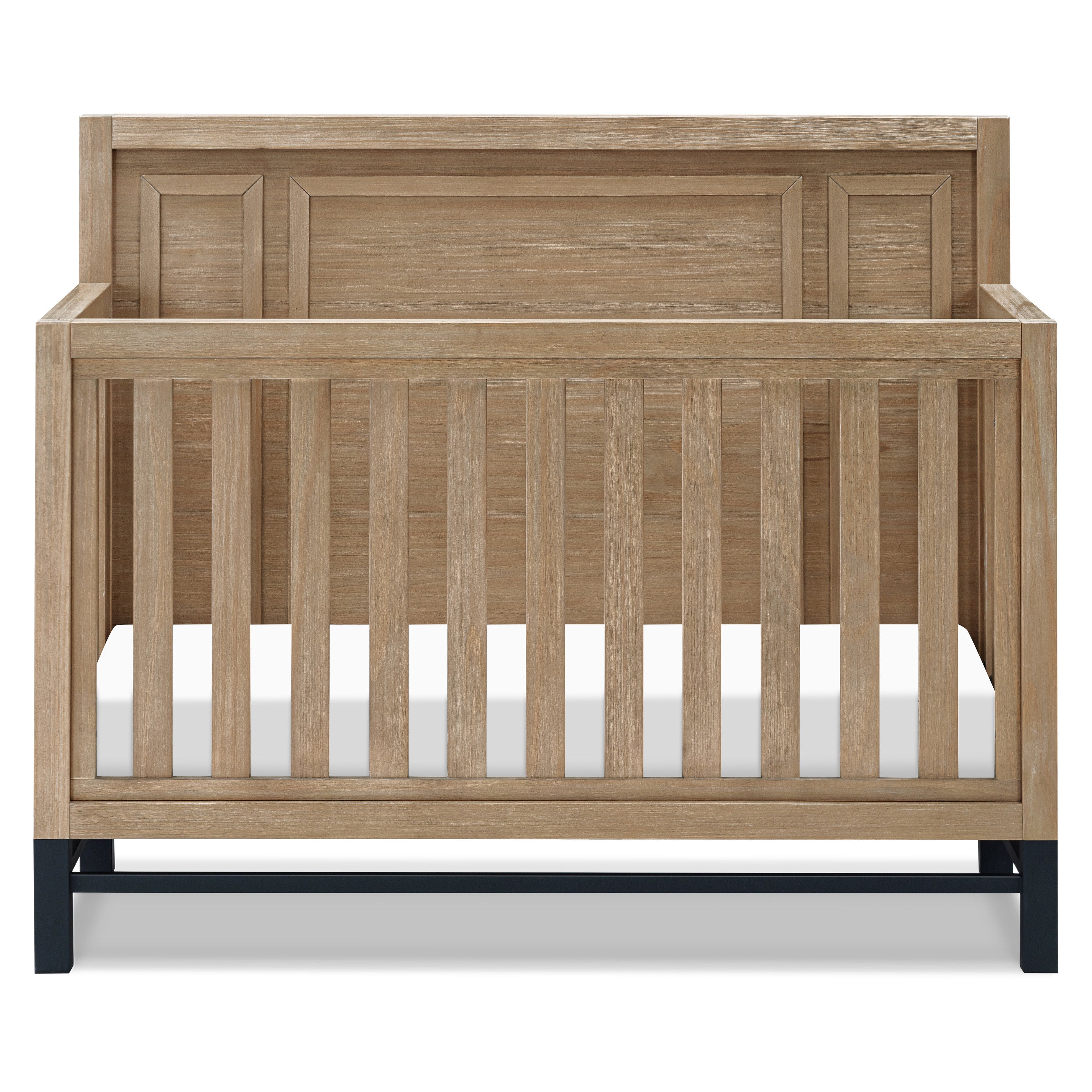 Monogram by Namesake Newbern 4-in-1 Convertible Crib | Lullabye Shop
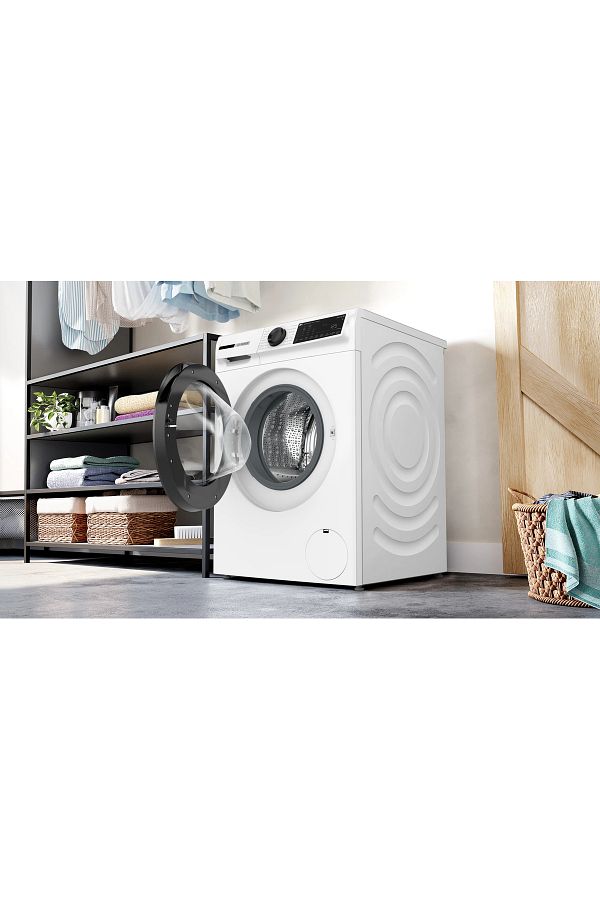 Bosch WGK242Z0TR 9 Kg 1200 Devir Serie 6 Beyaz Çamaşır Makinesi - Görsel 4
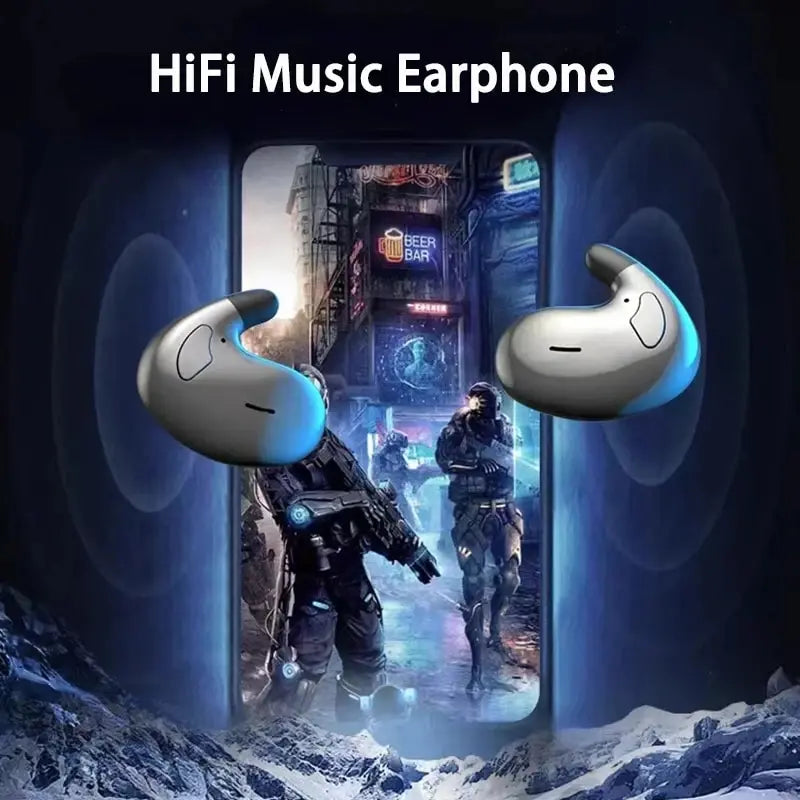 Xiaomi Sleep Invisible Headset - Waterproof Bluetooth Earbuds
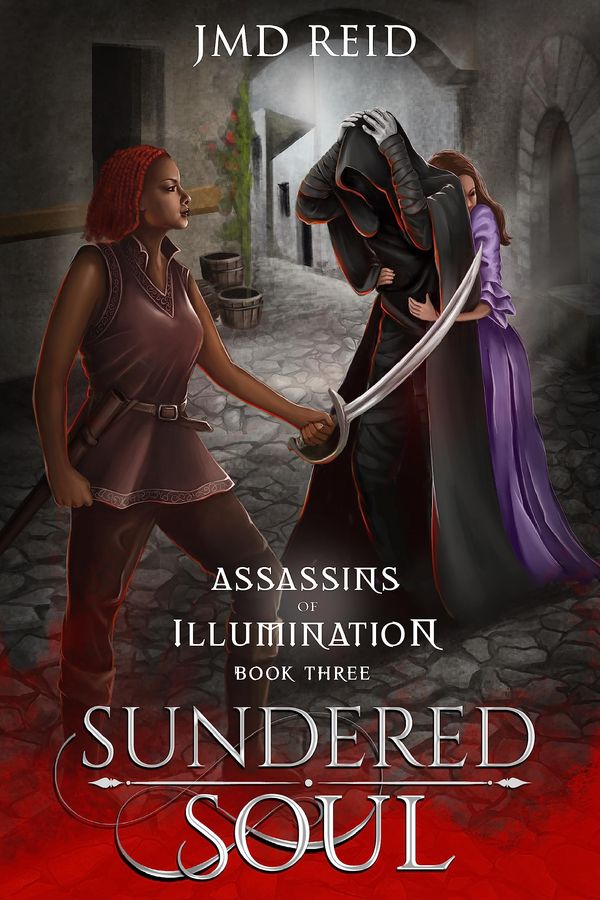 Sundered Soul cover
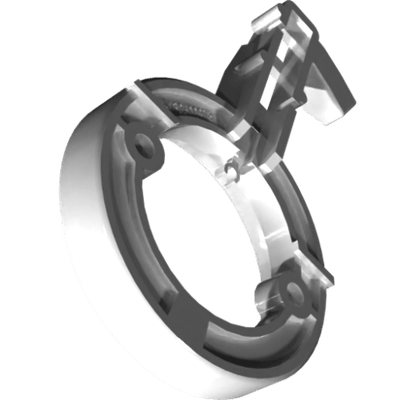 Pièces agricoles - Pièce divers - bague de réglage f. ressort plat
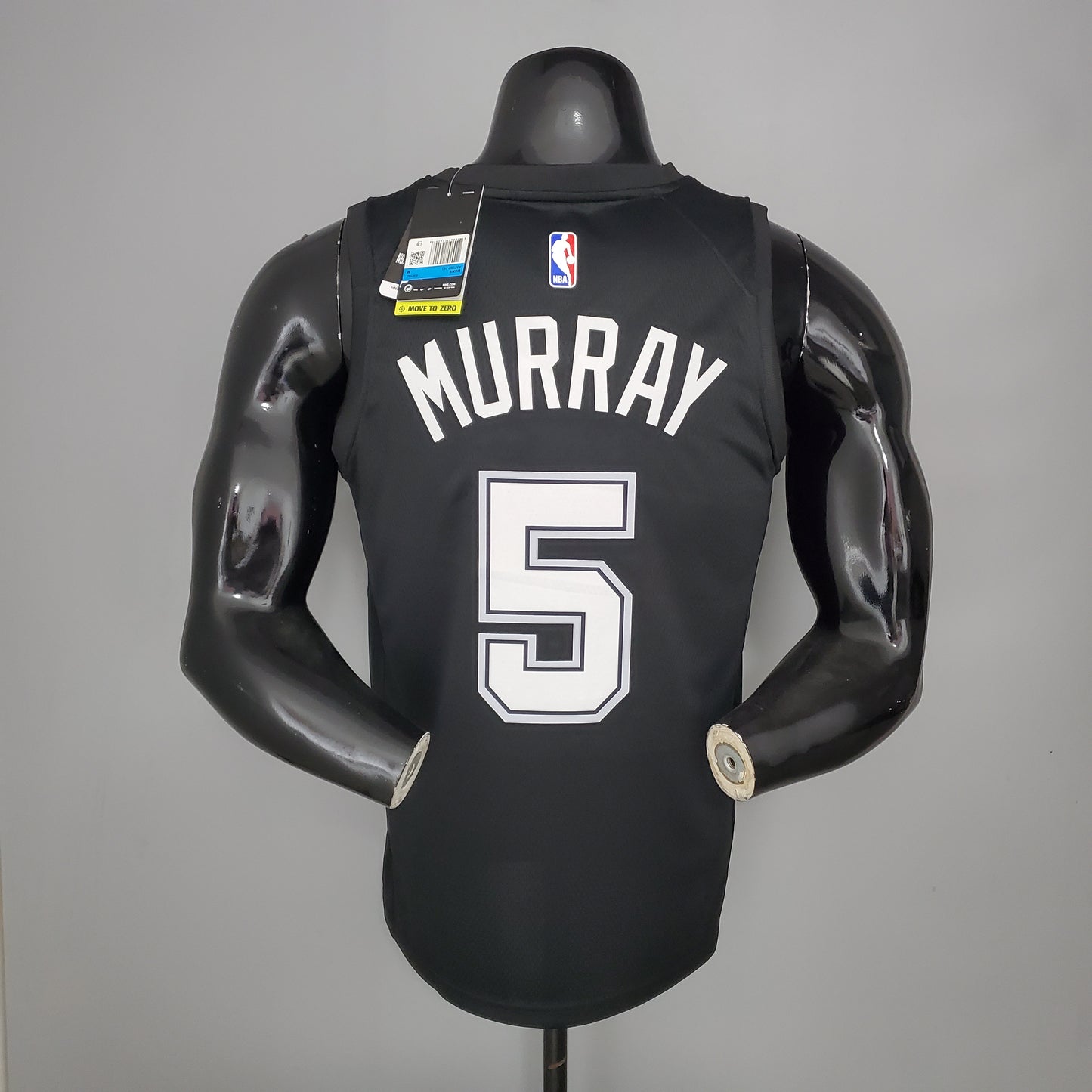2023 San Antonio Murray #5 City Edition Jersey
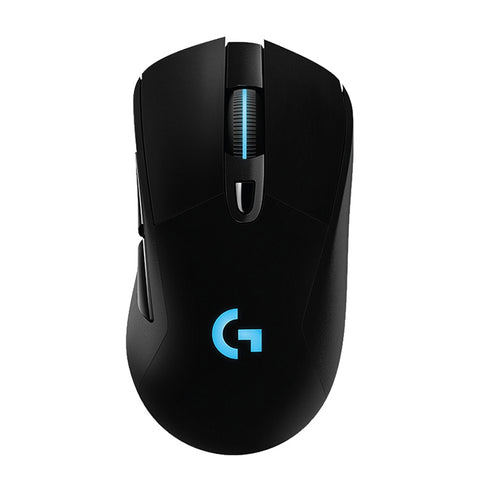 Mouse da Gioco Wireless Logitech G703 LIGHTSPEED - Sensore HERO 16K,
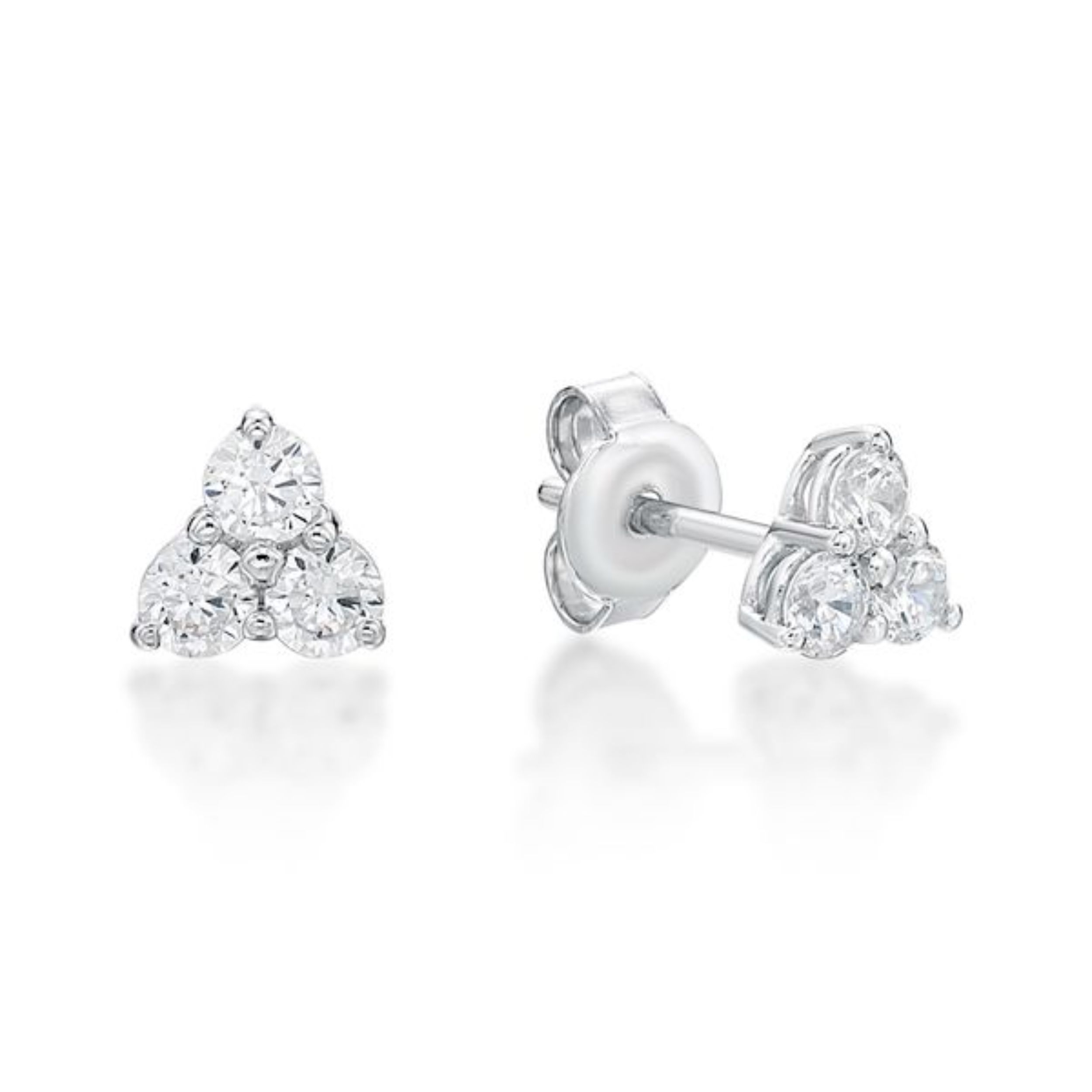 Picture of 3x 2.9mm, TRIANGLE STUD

▶ **TASK DIRECTIONS**:
Everything in the records above should be retyped exactly except the pictures.

▶ **EXPECTED OUTPUT**:
 Monogram by Namesake Newbern 4-in-1 Convertible Crib | Lullabye Shop
 Bosch WGK242Z0TR 9 Kg 1200 Devir Serie 6 Beyaz Çamaşır Makinesi - Görsel 4
 Xiaomi Sleep Invisible Headset - Waterproof Bluetooth Earbuds
 Sundered Soul cover
 Pièces agricoles - Pièce divers - bague de réglage f. ressort plat
2023 San Antonio Murray #5 City Edition Jersey
 Mouse da Gioco Wireless Logitech G703 LIGHTSPEED - Sensore HERO 16K,
 Picture of 3x 2.9mm, TRIANGLE STUD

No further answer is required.